R script to normalize PAD data into discrete address records. Part of the NYC Geosearch Geocoder Project
The NYC Geosearch API is built on Pelias, the open source geocoding engine that powered Mapzen Search. To accomplish this, Labs uses the authoritative Property Address Directory (PAD) data from the NYC Department of City Planning's Geographic Systems Section. However, because the data represent ranges of addresses, the data must be normalized into an "expanded" form that Pelias will understand. This expansion process involves many factor-specific nuances that translate the ranges into discrete address rows.
We are treating the normalization of the PAD data as a separate data workflow from the PAD Pelias Importer. This script starts with the published PAD file, and outputs a normalized CSV of discrete addresses, ready to be picked up by the importer.
This script downloads a version of the PAD data from NYC's Bytes of the Big Apple.
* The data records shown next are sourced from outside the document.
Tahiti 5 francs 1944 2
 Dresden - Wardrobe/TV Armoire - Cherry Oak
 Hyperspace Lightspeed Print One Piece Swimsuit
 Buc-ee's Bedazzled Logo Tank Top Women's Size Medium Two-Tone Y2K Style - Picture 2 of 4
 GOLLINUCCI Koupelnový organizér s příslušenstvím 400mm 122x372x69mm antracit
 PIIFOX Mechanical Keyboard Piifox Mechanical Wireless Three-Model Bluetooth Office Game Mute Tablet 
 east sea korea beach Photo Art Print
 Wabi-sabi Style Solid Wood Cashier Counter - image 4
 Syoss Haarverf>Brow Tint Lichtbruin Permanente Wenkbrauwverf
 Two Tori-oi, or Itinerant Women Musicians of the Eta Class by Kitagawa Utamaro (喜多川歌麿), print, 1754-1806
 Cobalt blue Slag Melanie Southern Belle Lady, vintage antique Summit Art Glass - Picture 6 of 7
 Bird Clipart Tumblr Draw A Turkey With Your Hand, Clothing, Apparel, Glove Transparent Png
The Property Address Directory (PAD) contains geographic information about New York City’s approximately one million tax lots (parcels of real property) and the buildings on them. PAD was created and is maintained by the Department of City Planning’s (DCP’s) Geographic Systems Section (GSS). PAD is released under the BYTES of the BIG APPLE product line four times a year, reflecting tax geography changes, new buildings and other property-related changes.
This script will output a file in the
/data directory called
final.csv. This is the expanded output. To make sure the script is getting the latest version of PAD, check that the
source is pointing to the most updated version of PAD.
The script is incomplete! Find sample output here. Over the coming weeks, it should be finalized.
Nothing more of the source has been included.